A Tulsa, OK-based synfuel technology company has entered a memorandum of understanding (MOU) with an unnamed shale gas exploration and production (E&P) company to study the feasibility of a plant for turning natural gas into diesel.

Earlier this month, Syntroleum Corp. entered into an MOU with what it described as a U.S.-based oil/gas E&P company “to investigate the joint development of one or more 4,000-5,000 b/d natural gas-to-liquids (GTL) plants” integrated into the burgeoning dry shale gas fields in the United States.

Syntroleum outlined the plans without naming the prospective gas producer in a July 9 8K filing to the federal Securities and Exchange Commission (SEC).

A Tulsa-based company senior executive, Ron Stinebaugh, told NGI’s Shale Daily that Syntroleum for some time has been telling analysts on quarterly conference calls that it is targeting dry shale gas plays for its patented “synfining” technology.

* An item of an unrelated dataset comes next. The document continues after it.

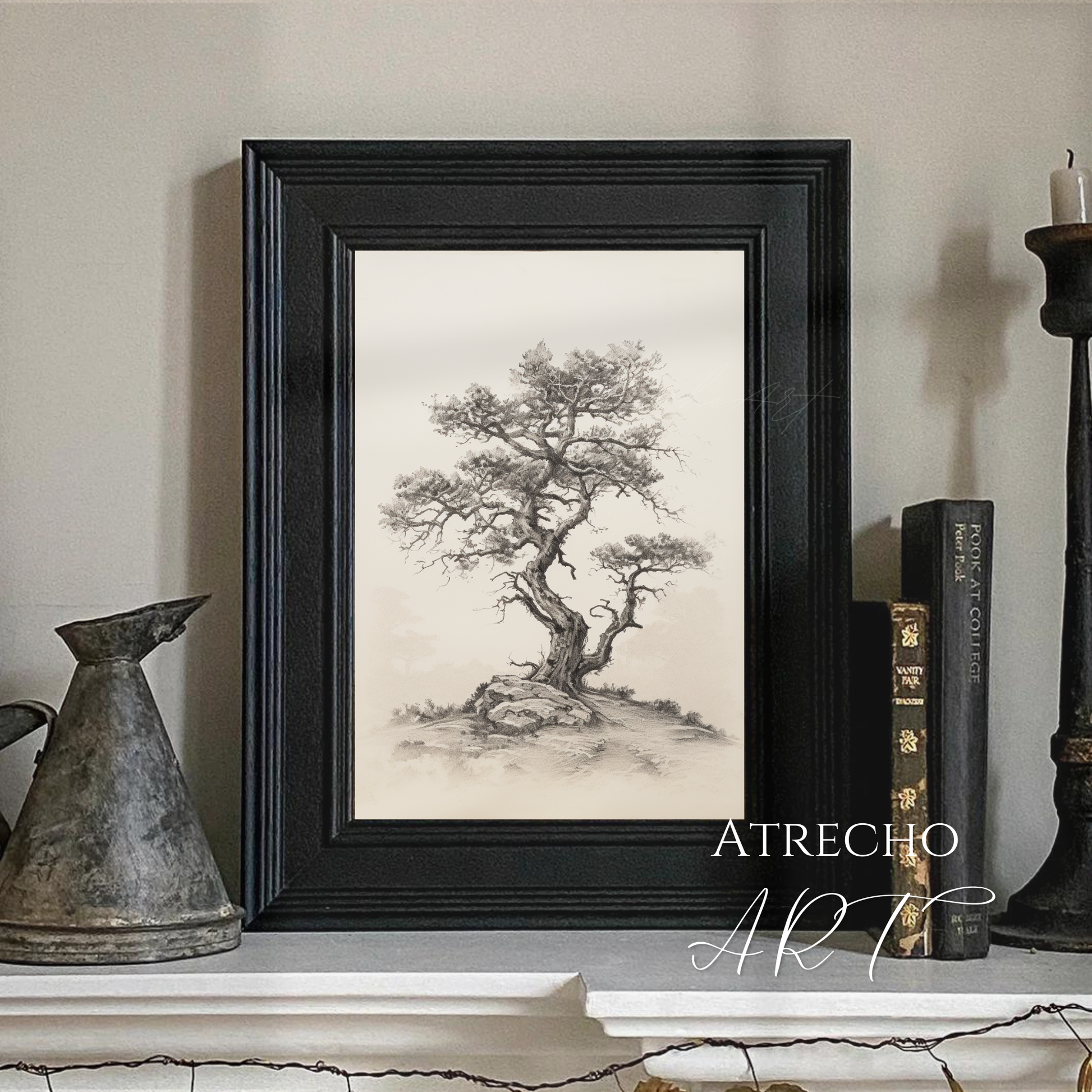 Vintage botanical tree print featuring detailed Algarrobo tree illustration with gnarled branches and delicate foliage, perfect for Mediterranean home decor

While in the past, natural gas prices were often too high for GTL projects, the “shale gas revolution” has changed all that, Stinebaugh said.

In the late 1990s and through 2003, Syntroleum had several GTL plant proposals, one that involved a unit of Enron Corp. that was slated for Sweetwater, WY (see Daily GPI, Feb. 25, 1998). It also had a proposal for an offshore GTL facility to use stranded natural gas supplies (see Daily GPI, Aug. 22, 2003).

Under the MOU,. Syntroleum and its anonymous partner will fund “a detailed feasibility study and business plan regarding the building of a GTL plant at a site to be finalized as part of the feasibility analysis, which along with the business plan is expected to take up to 12 months, the SEC filing said.

“Thereafter, it is envisioned that the companies will negotiate definitive agreements for construction of the GTL facility through a joint venture entity,” the 8K filing said. Under the joint venture, the unnamed counterparty would contribute gas acreage and reserves, and Syntroleum would provide its GTL technology, Stinebaugh said.

Syntroleum said in the SEC filing that it sees a number of advantages to an integrated project approach, including “reserve and pricing security,” reduced operating expenses and working capital requirements, along with field plant optimization. The company also thinks that integrated projects will have added flexibility in product sales because a regional facility could offer “higher netback prices in local fuels markets.”